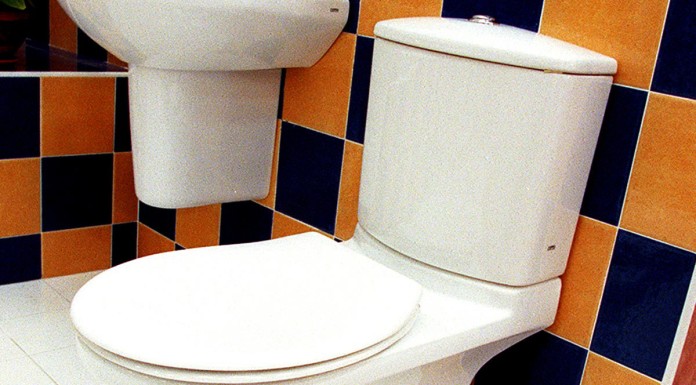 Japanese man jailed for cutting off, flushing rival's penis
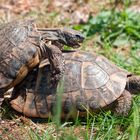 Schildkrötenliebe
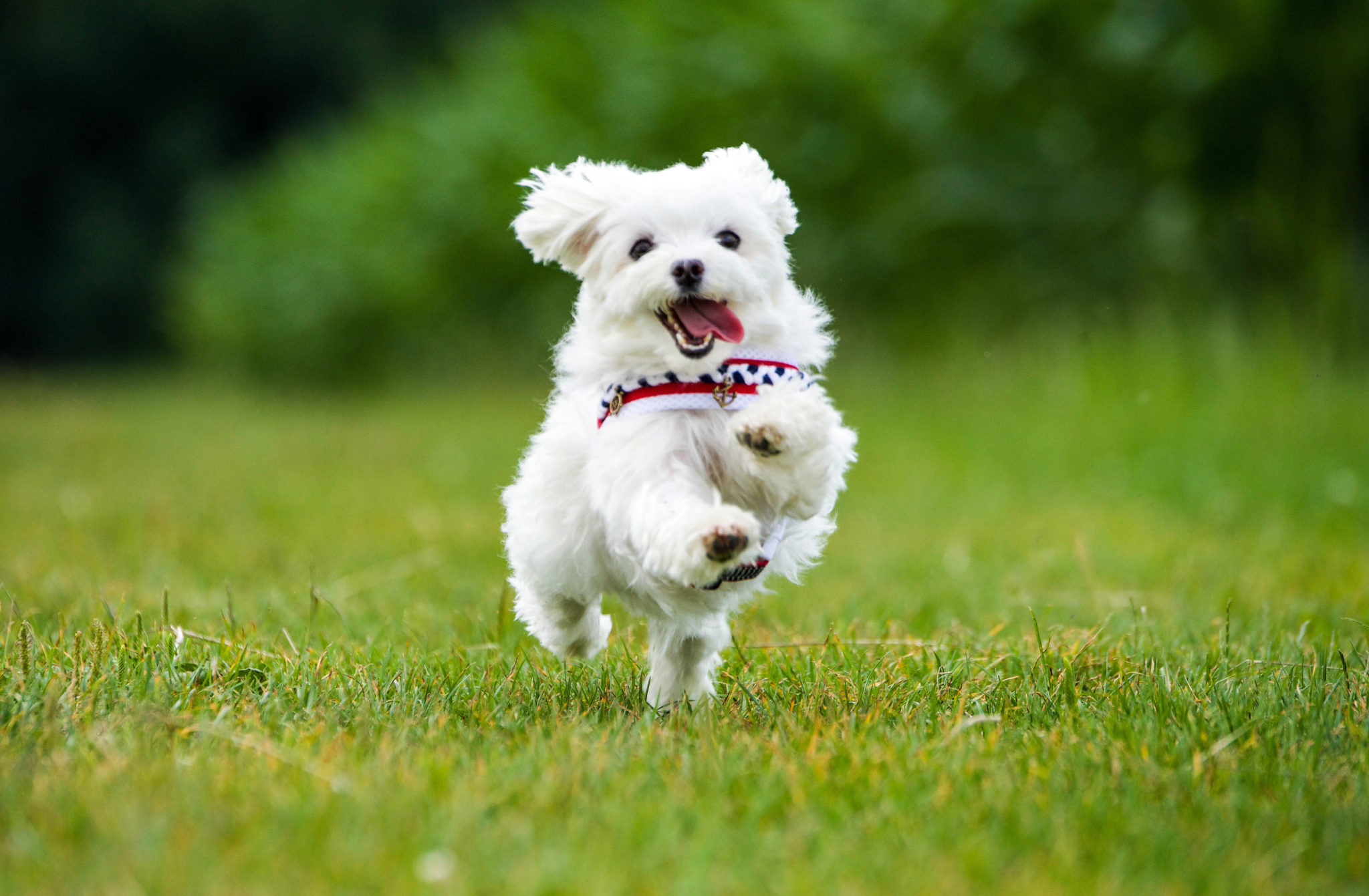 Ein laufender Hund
----------
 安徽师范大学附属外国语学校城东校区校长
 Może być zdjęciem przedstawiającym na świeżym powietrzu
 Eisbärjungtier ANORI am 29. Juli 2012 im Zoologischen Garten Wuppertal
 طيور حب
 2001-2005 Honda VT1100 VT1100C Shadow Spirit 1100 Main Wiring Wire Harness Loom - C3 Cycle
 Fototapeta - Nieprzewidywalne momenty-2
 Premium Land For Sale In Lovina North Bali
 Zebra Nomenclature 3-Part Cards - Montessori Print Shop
----------
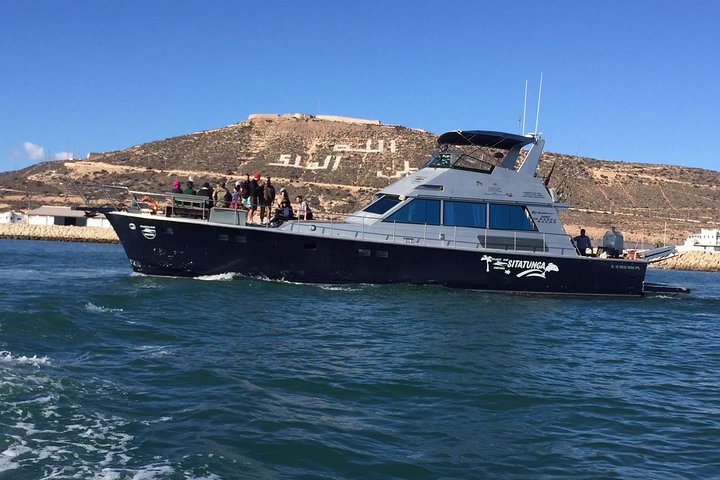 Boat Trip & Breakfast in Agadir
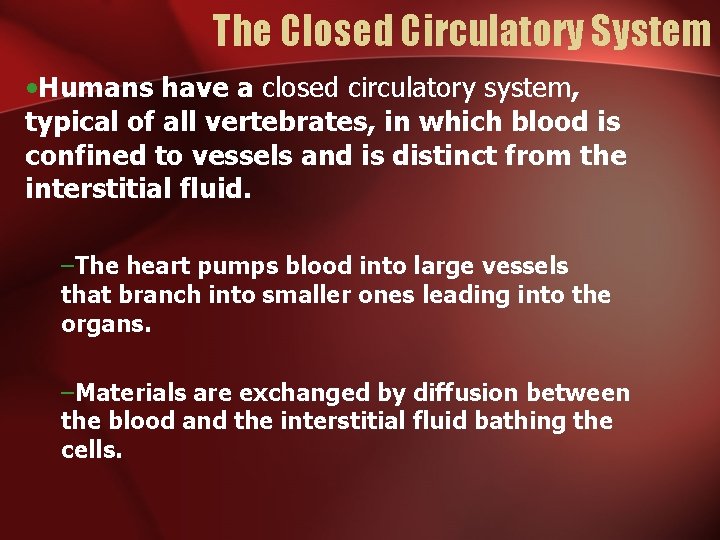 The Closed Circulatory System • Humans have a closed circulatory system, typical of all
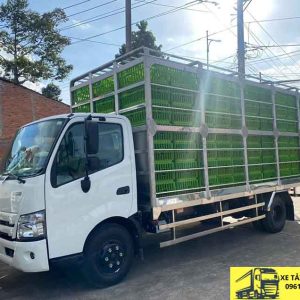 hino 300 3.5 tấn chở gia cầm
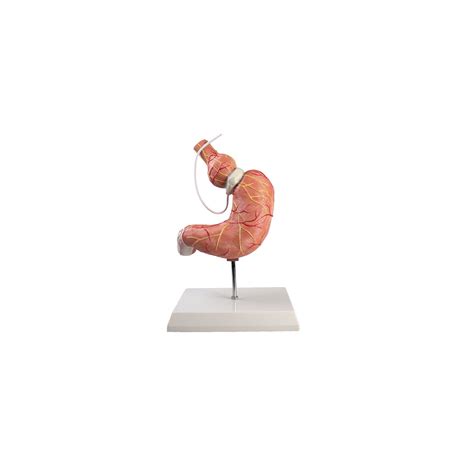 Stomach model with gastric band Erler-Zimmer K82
----------
Above are the records; repeat exactly the lines from the one holding "Eisbärjungtier ANORI am" down to the one holding "Premium Land For Sale In Lovina North Bali", end lines included.

 Eisbärjungtier ANORI am 29. Juli 2012 im Zoologischen Garten Wuppertal
 طيور حب
 2001-2005 Honda VT1100 VT1100C Shadow Spirit 1100 Main Wiring Wire Harness Loom - C3 Cycle
 Fototapeta - Nieprzewidywalne momenty-2
 Premium Land For Sale In Lovina North Bali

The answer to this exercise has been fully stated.